BARELY HAD IT become evident that Jimmy Carter was not going to come back from the Middle East with a treaty in hand than in public accounts and private murmurs accounts of his "failure" and of his return "empty-handed" began to go around. But this is, we believe, an inaccurate reading -- and not merely because events in the Mideast have a way of moving rollercoaster-style rather than along an easy and predictable track. The president's closest aides warned publicly last week that he did not expect a treaty to be signed on this trip. The drama of his mission notwithstanding, it is unfair to judge him against the superheated expectations of others. Beyond that, however this process unfolds, he has already succeeded in the important sense of helping bring Israel and Egypt closer together than they may ever have been before. This is no trivial achievement, especially if you take the view, as we do, that the negotiations are still on.

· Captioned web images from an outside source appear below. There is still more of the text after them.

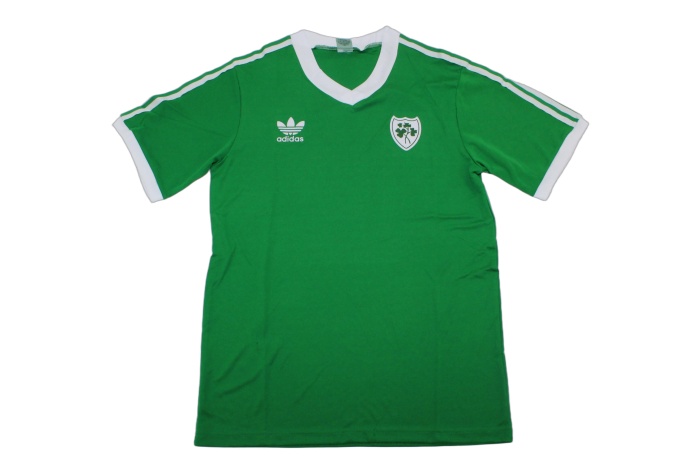 Ireland 1986 Home Soccer Jersey
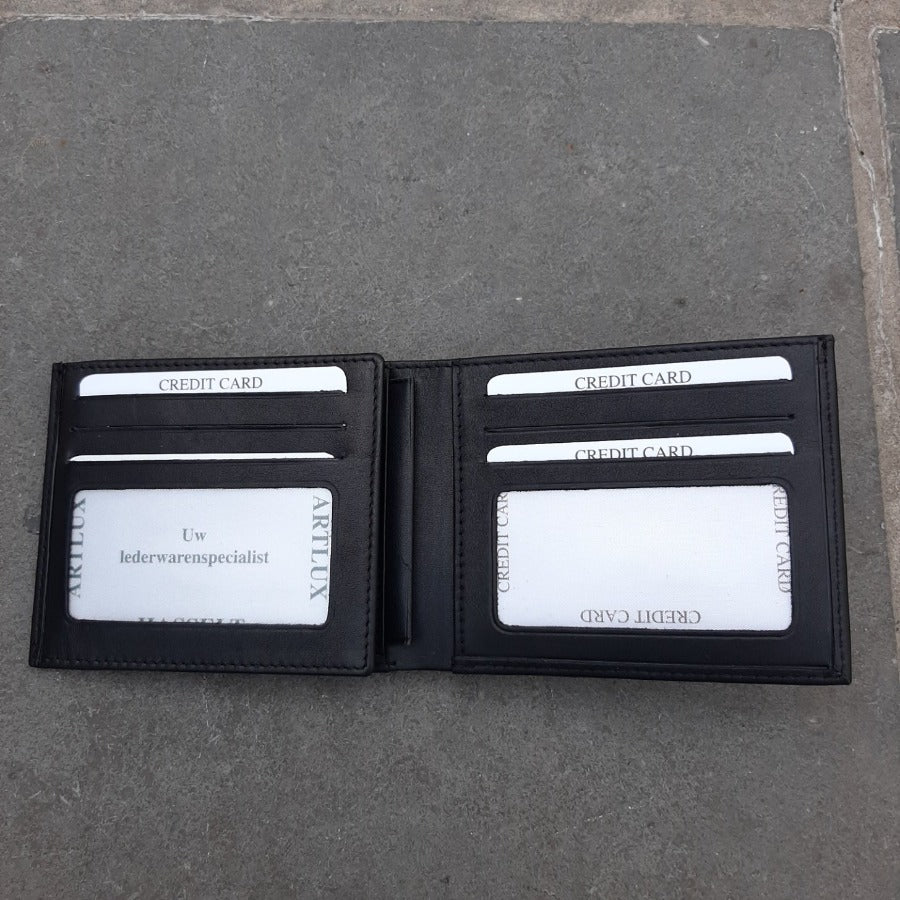 Lederen portefeuille Yves Renard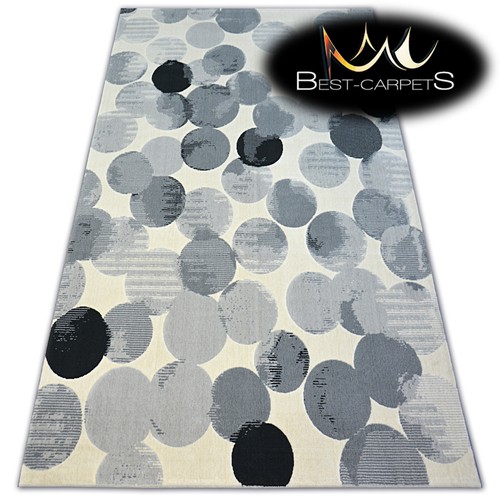 Modern teppich canvas scandi - modern,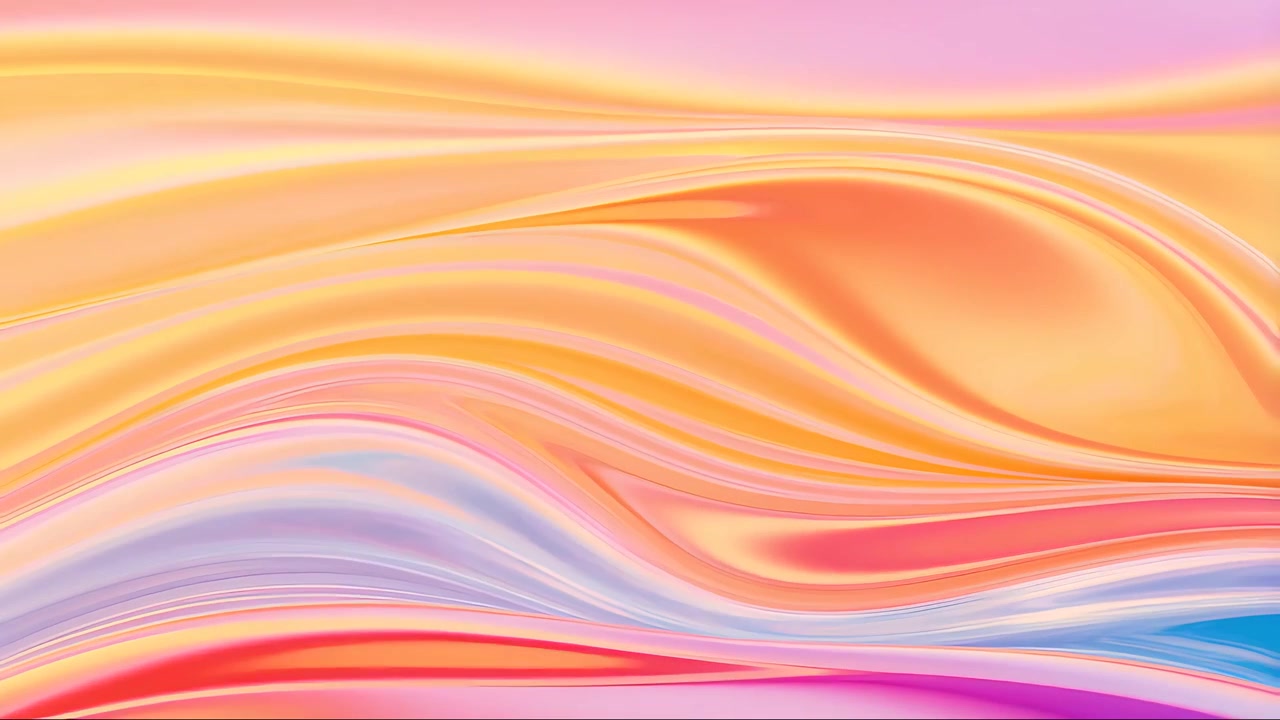 Abstract Fluid Motion Background 4K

It's not yet clear just what happened on the president's mission, beyond the effort of both Israel and Egypt to shift to the other the burden of further compromise or, depending, the onus for not compromising. Both countries, it appears, extended themselves in new and serious ways. We are troubled, however, by reports suggesting that the issues long considered the most basice and difficult between them -- "linkage" to talks on Palestinian autonomy, and Egypt's commitments to other Arabs -- were negotiated more or less successfully but that once this was done, other issues not previously considered central to a treaty moved to the fore. Some of these latter issues, such as Israel's purchase of Sinai oil and the precise timing of an exchange of ambassadors, do not strike us as touching deep principles of the sort unquestionably touched by the linkage and commitments questions. We await more information.
In any event, we believe that the purpose of Mr. Carter's trip -- to unlock the stalemate of Camp David II -- was sound and that he has moved the negotiations along, even if Israel and Egypt are still short of final agreement. Certainly it would be premature to declare the negotiations at a dead end and to allow the two countries' quest for a treaty to be shifted into a contest for advantage in the American political arena. In the disappointment emanating from the Mideast, there has been created a kind of vacuum which is being partly filled by suggestions of "failure" by Jimmy Carter and the United States. In fact, there was no solid basis for expecting a signed treaty from his mission and if there is not yet peace, the biggest losers are those with the most responsibility for success and failure in the Middle East, and the most at stake, Israelis and Egyptians.